Polk is raising some of the trees in a nursery. Trees grown from the seeds of black-sphinx palms will not create the same fruit as the parent tree, so the only way to replicate the same prized fruit is to cultivate an offshoot from an adult tree, he said. Once the trees reach a certain age, they stop producing those offshoots.
He also said that the trees need lots of water, which they get from flood irrigation in Mountgrove, or they will not produce good fruit.
SRP’s elected president, David Rousseau, met multiple times with representatives from the neighborhood before the utility increased its offer from $100 per tree to remove them, Lind said.
Utility officials originally didn’t want to give the neighborhood residents special treatment, because the expenses are paid by all utility customers.
Normally, SRP simply cuts trees under its lines without engaging homeowners unless the utility needs access to the property to cut the tree.
“I think everybody is extremely pleased with the offers they came back with,” said Dick Malone, president of the property-owners association in Mountgrove. “They admitted this was very much a unique situation, especially because it affected the grove and because of the value of the trees.”
Malone said that property owners felt slighted by SRP at first because of the low offers, but after the negotiations they felt they had been treated fairly.
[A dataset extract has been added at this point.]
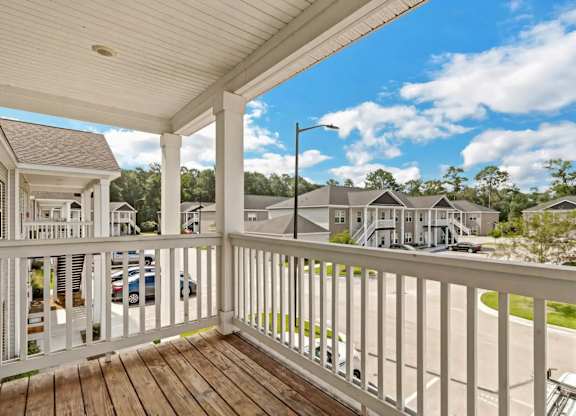 A white porch with a view of a residential neighborhood.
Some people still are concerned that, like one homeowner, they might not be able to relocate their trees once contractors try to reach them with a crane and they will have to be killed.
The issue in the neighborhood arose shortly after SRP changed its trimming policies. SRP previously trimmed trees enough to keep them a safe distance from power lines for at least two years. Then in 2010 it changed its practice, cutting trees farther so they had to be pruned only every three years. That move saves the utility about $700,000 annually.
SRP officials said that change didn’t affect the Mountgrove black-sphinx trees much because they have grown too close to the power lines regardless of the schedule change. Their fronds grow so fast they often need trimming twice annually, and the utility didn’t want other customers footing the bill for frequent trimming in the neighborhood.
But for residents who have chosen to keep their trees, SRP will continue to pay about $300 per tree once or twice a year to trim the trees for five years, with the residents agreeing they will pay that additional cost after that. SRP does not guarantee that cost, paid to a contractor, will not rise by the time residents take over the payments.
Others are taking the offer to remove the trees for free and get $1,000, which they can spend as they please.
At least one family is taking the opportunity to have the trees relocated for free to another neighbor’s yard in the same neighborhood, Lind said, while others are moving them in their own yards away from power lines.
“I would say, very honestly, we weren’t too sure what the reaction was going to be, but we had to move forward on this project,” Lind said of the increased offers. “The majority of the community has commented that they appreciate SRP has gone to great lengths to not disrupt the neighborhood and has recognized the historic nature and value of these trees.”